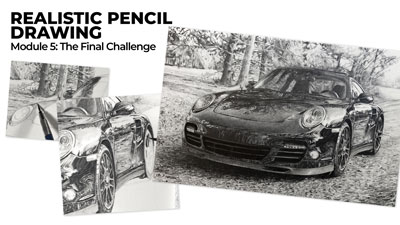 Realistic drawing of a Porsche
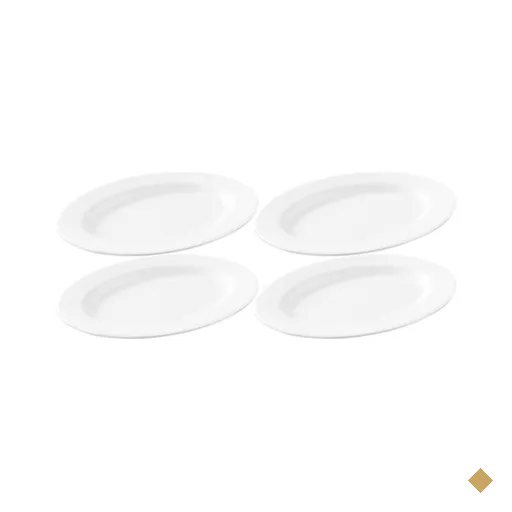 4 Travessas Bandeja Rasa Melamina Branca 25x18cm Oval Refratária Servir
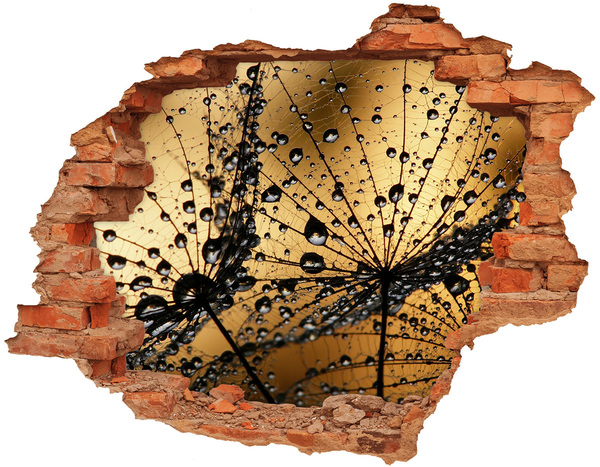 Grote 3D muursticker gat in de muur Druppels op de bladeren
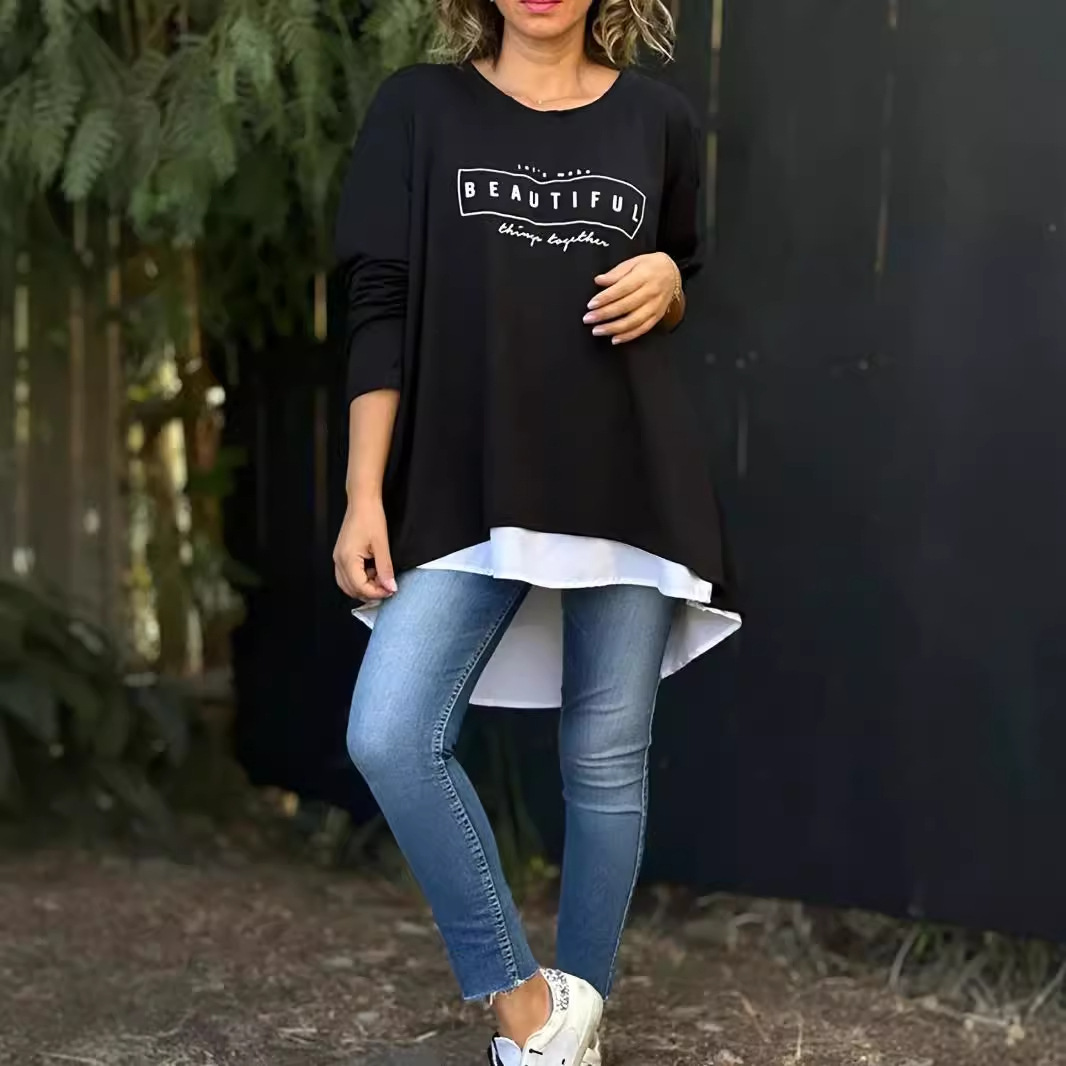 Women's Round Neck Faux Two-Piece Back Button Letter Long Sleeve Top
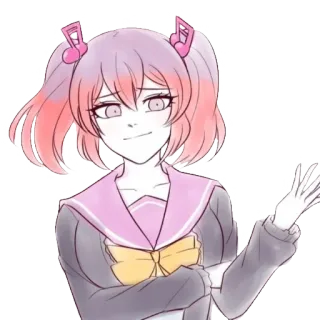 💜 1a37950b fille anime, cheveux roses, notes de musique, uniforme scolaire, dessin animé, autocollant telegram sticker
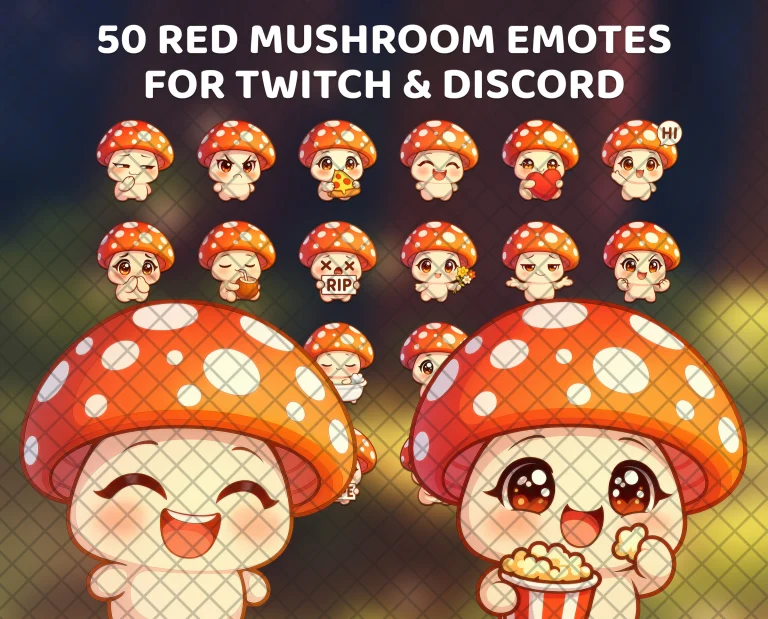 50 red mushroom emotes for Twitch, Discord and Kick: a small mushroom with a red, white-spotted cap and a cream body, in gentle reactions.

* _TRY IT_:
Exact repetition is required for the lines from the first one in the listing through the one that holds "Women's Round Neck", and pictures are to be omitted.

* _ANSWER SECTION_:
 Realistic drawing of a Porsche
 4 Travessas Bandeja Rasa Melamina Branca 25x18cm Oval Refratária Servir
 Grote 3D muursticker gat in de muur Druppels op de bladeren
 Women's Round Neck Faux Two-Piece Back Button Letter Long Sleeve Top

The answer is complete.